Dataset entries:
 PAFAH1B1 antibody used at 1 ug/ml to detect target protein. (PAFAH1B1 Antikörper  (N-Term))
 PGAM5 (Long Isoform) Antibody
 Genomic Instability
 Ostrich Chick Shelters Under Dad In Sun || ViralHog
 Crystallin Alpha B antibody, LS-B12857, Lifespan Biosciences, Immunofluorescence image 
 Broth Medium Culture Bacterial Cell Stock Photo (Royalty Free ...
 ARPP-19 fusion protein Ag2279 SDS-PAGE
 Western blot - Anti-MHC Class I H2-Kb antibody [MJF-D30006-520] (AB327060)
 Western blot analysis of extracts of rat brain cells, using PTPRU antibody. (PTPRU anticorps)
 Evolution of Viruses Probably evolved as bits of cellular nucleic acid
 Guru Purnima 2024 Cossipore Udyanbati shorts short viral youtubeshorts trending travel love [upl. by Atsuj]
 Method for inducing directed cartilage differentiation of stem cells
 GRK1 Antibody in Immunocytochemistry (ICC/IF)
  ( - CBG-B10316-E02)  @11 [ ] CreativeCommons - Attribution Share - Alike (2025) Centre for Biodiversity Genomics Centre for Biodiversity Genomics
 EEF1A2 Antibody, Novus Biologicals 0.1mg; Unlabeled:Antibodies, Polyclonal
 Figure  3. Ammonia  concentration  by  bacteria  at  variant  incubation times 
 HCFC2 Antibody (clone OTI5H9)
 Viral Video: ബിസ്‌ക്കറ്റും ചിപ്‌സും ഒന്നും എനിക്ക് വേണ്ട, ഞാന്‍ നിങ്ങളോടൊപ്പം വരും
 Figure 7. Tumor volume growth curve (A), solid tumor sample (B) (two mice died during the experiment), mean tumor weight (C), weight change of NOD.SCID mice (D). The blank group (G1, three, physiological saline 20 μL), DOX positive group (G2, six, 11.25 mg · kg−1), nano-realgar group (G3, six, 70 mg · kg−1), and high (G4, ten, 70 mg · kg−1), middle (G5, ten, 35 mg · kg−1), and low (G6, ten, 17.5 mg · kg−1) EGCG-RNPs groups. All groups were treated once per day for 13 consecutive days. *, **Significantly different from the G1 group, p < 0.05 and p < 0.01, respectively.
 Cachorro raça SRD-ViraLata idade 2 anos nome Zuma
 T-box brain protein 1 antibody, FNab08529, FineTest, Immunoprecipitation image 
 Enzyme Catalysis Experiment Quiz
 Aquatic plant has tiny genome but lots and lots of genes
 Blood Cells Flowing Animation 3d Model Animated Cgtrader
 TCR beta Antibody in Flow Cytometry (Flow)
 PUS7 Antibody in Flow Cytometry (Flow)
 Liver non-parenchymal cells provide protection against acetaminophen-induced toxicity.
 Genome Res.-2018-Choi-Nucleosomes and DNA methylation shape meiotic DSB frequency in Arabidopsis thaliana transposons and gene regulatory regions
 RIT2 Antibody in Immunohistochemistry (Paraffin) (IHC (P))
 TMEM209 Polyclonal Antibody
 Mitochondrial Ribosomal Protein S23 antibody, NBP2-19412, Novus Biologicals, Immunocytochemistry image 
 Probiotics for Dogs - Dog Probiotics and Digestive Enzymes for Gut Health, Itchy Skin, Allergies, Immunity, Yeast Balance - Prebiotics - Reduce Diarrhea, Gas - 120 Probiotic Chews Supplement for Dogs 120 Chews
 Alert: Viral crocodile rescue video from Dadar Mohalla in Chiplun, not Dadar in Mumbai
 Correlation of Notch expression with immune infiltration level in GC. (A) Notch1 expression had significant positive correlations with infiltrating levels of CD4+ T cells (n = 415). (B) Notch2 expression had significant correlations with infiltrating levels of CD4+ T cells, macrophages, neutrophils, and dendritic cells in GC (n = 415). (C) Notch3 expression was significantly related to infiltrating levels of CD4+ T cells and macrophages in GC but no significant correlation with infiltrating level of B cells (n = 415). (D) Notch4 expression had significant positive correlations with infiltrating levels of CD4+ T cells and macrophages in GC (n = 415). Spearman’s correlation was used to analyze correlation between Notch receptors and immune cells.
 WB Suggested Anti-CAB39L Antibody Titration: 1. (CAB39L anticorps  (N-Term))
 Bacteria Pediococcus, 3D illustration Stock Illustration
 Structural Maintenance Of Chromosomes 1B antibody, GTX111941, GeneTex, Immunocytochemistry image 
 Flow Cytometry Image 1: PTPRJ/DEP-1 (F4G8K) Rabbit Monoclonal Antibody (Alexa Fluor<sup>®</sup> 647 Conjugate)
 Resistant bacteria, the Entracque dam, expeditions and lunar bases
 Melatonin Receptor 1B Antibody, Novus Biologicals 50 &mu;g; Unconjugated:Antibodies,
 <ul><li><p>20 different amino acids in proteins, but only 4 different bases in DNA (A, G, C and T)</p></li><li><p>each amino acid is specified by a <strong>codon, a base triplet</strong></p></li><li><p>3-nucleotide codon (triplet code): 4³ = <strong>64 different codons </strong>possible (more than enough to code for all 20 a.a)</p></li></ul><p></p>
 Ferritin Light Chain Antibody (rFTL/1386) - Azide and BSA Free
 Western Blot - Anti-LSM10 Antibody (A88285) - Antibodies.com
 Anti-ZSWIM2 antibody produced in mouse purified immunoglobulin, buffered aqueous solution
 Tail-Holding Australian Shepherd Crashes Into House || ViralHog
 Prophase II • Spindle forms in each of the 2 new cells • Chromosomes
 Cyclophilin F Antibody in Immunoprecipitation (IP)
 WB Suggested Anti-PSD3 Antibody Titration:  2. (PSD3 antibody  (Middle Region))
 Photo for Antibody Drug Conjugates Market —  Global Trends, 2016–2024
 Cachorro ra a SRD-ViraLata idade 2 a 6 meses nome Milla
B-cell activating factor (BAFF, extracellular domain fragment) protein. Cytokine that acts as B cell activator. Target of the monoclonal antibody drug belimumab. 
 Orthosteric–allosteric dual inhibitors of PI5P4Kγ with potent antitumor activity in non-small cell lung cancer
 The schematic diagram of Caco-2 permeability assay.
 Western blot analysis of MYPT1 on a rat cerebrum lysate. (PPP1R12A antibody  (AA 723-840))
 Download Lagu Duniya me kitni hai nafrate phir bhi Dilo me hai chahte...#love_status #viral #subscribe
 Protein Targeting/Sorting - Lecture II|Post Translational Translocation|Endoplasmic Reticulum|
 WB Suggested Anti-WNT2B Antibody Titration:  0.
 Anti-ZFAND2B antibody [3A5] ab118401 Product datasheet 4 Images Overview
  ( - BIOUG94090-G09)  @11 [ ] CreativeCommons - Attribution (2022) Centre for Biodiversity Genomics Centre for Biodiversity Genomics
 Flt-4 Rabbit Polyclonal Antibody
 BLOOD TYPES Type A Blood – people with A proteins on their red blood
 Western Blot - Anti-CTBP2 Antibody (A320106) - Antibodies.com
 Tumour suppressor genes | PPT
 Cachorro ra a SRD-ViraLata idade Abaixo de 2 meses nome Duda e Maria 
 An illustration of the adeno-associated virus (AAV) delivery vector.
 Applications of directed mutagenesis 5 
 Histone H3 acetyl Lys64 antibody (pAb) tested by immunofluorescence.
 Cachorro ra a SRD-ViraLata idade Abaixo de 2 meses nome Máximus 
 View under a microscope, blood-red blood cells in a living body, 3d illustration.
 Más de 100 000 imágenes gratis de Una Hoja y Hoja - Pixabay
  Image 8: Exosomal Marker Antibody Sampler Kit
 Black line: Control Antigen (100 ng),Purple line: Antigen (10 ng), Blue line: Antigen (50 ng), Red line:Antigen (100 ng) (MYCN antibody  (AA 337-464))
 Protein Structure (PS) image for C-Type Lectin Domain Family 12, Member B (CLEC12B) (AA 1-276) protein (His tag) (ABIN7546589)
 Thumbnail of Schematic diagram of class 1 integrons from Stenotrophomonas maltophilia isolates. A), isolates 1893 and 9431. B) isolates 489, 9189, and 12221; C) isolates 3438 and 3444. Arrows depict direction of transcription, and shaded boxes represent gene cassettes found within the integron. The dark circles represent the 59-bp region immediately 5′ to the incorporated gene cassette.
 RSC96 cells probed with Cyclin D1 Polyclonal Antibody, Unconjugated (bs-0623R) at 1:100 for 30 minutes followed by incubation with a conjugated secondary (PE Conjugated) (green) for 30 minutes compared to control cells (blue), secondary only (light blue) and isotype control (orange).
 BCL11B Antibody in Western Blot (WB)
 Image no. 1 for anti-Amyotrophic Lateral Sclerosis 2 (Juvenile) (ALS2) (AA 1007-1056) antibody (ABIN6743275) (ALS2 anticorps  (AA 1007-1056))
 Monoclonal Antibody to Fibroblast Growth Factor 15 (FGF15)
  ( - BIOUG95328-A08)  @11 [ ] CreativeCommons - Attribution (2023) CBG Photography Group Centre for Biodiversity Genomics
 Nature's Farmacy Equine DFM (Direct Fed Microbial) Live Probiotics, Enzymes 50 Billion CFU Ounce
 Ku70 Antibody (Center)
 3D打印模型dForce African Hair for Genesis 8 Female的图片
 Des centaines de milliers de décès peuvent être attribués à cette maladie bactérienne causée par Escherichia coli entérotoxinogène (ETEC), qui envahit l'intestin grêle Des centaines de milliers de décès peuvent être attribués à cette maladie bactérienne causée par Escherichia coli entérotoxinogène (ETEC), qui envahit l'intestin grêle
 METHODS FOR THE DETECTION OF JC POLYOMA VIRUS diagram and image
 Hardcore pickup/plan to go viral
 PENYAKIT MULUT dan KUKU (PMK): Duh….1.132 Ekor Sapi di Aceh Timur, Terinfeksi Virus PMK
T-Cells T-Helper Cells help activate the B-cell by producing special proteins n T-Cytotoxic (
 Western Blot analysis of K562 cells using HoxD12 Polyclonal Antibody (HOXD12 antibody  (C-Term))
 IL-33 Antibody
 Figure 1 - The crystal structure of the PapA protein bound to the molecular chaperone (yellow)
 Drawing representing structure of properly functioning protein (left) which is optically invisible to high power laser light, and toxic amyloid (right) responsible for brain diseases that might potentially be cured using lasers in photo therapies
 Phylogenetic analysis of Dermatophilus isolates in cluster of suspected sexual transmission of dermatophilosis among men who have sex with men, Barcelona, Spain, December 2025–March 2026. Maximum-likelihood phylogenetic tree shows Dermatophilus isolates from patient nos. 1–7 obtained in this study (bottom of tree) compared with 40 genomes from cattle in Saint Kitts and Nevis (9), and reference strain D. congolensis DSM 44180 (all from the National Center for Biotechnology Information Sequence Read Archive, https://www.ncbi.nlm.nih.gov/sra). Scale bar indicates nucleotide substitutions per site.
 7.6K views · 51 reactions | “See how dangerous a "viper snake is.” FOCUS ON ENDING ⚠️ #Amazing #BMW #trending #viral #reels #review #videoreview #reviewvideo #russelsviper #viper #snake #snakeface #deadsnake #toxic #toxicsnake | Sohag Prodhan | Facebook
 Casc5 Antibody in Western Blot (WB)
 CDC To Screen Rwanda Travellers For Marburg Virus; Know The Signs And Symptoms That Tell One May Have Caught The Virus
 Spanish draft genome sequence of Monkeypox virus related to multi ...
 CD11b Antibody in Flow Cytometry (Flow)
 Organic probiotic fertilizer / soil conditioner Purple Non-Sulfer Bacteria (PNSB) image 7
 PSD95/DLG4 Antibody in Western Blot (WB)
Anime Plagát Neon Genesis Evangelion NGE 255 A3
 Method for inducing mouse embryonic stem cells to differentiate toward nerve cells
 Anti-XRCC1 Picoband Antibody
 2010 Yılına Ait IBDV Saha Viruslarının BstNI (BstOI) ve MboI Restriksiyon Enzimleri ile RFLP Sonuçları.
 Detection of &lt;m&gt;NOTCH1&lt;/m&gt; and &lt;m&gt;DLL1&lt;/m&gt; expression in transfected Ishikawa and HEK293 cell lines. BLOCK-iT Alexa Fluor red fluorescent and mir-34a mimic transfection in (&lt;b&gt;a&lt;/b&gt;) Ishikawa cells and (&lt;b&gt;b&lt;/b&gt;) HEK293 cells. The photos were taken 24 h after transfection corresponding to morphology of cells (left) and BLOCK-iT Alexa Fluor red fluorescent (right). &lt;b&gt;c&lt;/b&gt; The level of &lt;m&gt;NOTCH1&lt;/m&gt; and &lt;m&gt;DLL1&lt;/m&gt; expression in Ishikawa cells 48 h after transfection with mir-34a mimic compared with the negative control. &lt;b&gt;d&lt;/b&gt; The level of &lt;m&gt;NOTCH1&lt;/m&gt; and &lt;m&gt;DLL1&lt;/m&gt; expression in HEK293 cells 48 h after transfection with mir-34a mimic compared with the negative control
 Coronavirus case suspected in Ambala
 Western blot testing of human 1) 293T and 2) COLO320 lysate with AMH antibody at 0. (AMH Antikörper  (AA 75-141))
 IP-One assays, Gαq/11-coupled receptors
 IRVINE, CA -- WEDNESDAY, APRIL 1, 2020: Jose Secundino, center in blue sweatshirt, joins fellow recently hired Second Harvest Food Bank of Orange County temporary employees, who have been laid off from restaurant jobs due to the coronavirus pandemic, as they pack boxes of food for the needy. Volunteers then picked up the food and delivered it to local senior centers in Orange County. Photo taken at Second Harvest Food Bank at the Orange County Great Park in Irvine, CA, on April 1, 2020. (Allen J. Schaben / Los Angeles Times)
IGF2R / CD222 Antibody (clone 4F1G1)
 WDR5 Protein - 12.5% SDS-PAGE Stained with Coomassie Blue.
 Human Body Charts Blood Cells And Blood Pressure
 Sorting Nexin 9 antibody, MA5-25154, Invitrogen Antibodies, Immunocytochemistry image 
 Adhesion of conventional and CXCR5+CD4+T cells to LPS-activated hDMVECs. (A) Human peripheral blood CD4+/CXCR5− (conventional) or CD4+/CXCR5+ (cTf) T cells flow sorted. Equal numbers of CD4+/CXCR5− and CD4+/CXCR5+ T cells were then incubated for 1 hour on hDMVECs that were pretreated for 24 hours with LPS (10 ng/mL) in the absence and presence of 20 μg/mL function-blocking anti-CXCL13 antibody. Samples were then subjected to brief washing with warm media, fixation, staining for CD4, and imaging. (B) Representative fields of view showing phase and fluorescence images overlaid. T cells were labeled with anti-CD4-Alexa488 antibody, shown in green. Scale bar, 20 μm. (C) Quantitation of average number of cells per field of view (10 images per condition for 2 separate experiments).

Work order: In the listing above, the lines from the one containing "Crystallin Alpha B" through the one containing "GRK1 Antibody in" must be set down exactly, with no other lines.

Output for this exercise:
 Crystallin Alpha B antibody, LS-B12857, Lifespan Biosciences, Immunofluorescence image 
 Broth Medium Culture Bacterial Cell Stock Photo (Royalty Free ...
 ARPP-19 fusion protein Ag2279 SDS-PAGE
 Western blot - Anti-MHC Class I H2-Kb antibody [MJF-D30006-520] (AB327060)
 Western blot analysis of extracts of rat brain cells, using PTPRU antibody. (PTPRU anticorps)
 Evolution of Viruses Probably evolved as bits of cellular nucleic acid
 Guru Purnima 2024 Cossipore Udyanbati shorts short viral youtubeshorts trending travel love [upl. by Atsuj]
 Method for inducing directed cartilage differentiation of stem cells
 GRK1 Antibody in Immunocytochemistry (ICC/IF)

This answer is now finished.